WASHINGTON (BP)–Christian aid groups were marshaling resources to join in the late-January global response to the most devastating earthquake in India in 50 years.
The official death count, as of Jan. 29, had surpassed 6,200 people in western India, with the chief minister of the state of Gujarat estimating that the toll could reach 20,000.
The earthquake struck the morning of Jan. 26, centering in Gujarat and registering 7.9 on the Richter scale.
Baptist World Aid, the relief and development arm of the Baptist World Alliance, has committed an initial $10,000 to assist immediate relief efforts and has launched a special appeal for funds.
Meanwhile, a Southern Baptist regional assessment team has been dispatched to the area to determine the most pressing needs, such as medical supplies and food, for response.
Gujarat is an area where Christians have suffered in recent years, with churches destroyed and Christians attacked, according to the Baptist World Alliance. There is no known Baptist group in the state; thus BWAid will be working through indigenous evangelical and ecumenical relief groups, such as the Evangelical Fellowship of India Committee on Relief.
Gujarat and four other states suffered the greatest destruction, and all are “frontline areas where missionaries are persecuted,” reported Christian Aid Mission, based in Charlottesville, Va.
“Indigenous groups are already helping as much as they can,” said Lance Thollander, Christian Aid director for India and Pakistan, “but they cannot go to their neighbors with aid they don’t have.”
Thollander noted: “Help sent now will help native missionaries open hearts to the Lord Jesus.”

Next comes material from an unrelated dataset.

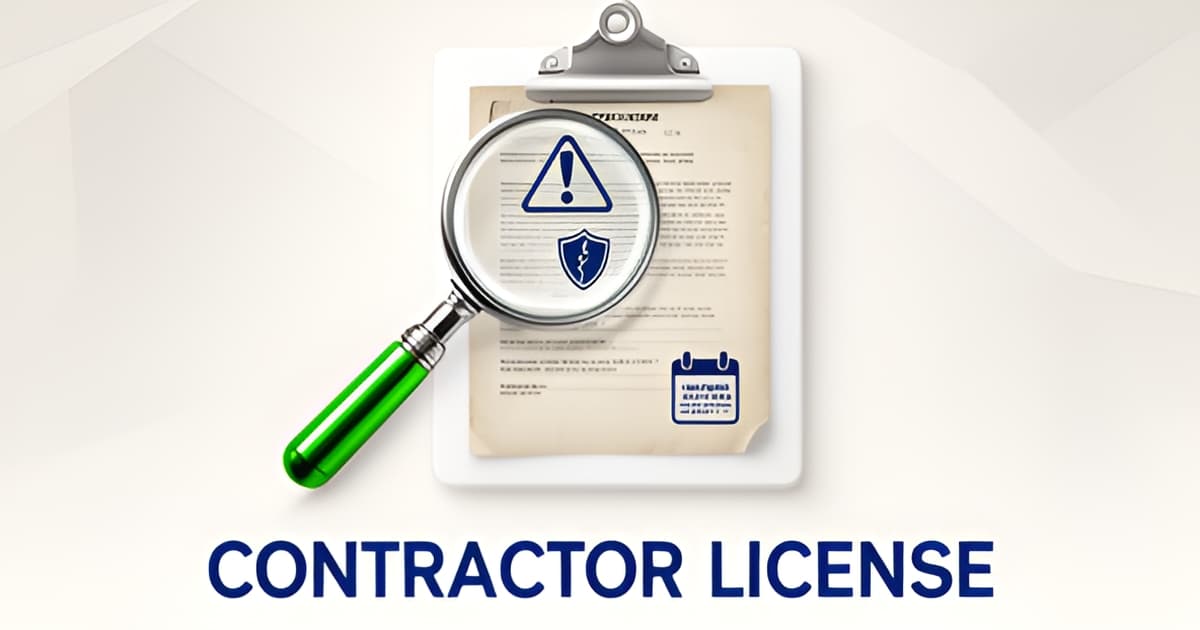Contractor License Verification: Common Mistakes Homeowners Make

Steve Nelson, director of hunger concerns with the Southern Baptist Ethics & Religious Liberty Commission, said, “Southern Baptists are moving quickly to meet needs in Jesus’ name as they attempt to ease the suffering of these dear people.” Relief donations may be sent to the International Mission Board General Relief Fund-India earthquake, Nelson said, noting that 100 percent of all gifts will be used for hunger and relief purposes. The IMB address is P.O. Box 6767, Richmond, VA 23230.
BWA’s Asian regional secretary, Bonny Resu, likened the devastation to a war zone — “reminiscent of Second World War pictures of bombed-out cities in Europe and Asia, and also to the cyclone-devastated areas of Orissa in October 1999,” he reported.
“The greatest need now is for medical personal and medicines” for the thousands who were injured, Resu told the BWA. Hundreds of thousands have been left homeless.
The Indian Church’s Auxiliary for Social Action (CASA) is already responding to needs and aims to assist about 35,000 people with food, shelter, water, blankets, clothes and other basic relief items. Sam Selwine of CASA reported from Gujarat that the damage is far worse than anything he has seen before.
In launching an Indian earthquake appeal, BWAid director Paul Montacute said, “Baptists again have the opportunity of being involved in Carey’s India and of standing alongside our Indian sisters and brothers, as they seek to bring relief to those who are suffering.”
Donations designated for “Indian Earthquake Appeal” may be sent to Baptist World Aid, 6733 Curran St., McLean, VA 22101. Donations may also be made by Visa or MasterCard in U.S. dollars by stating the gift amount and providing the card number; expiration date; donor signature; and name as it appears on the card. Inquiries may be addressed by phone to (703)-790-8980; fax, (703) 790-5719; e-mail, BWAid@bwanet.org. A U.S. tax receipt will be issued for all donation.
Among other groups mobilizing aid for Indian earthquake relief are World Vision, based in Tacoma, Wash.; Christian Aid Mission, based in Charlottesville, Va.; MAP International, based in Brunswick, Ga.; Food for the Hungry, based in Scottsdale, Ariz.; and Salvation Army World Service Office, based in Alexandria, Va.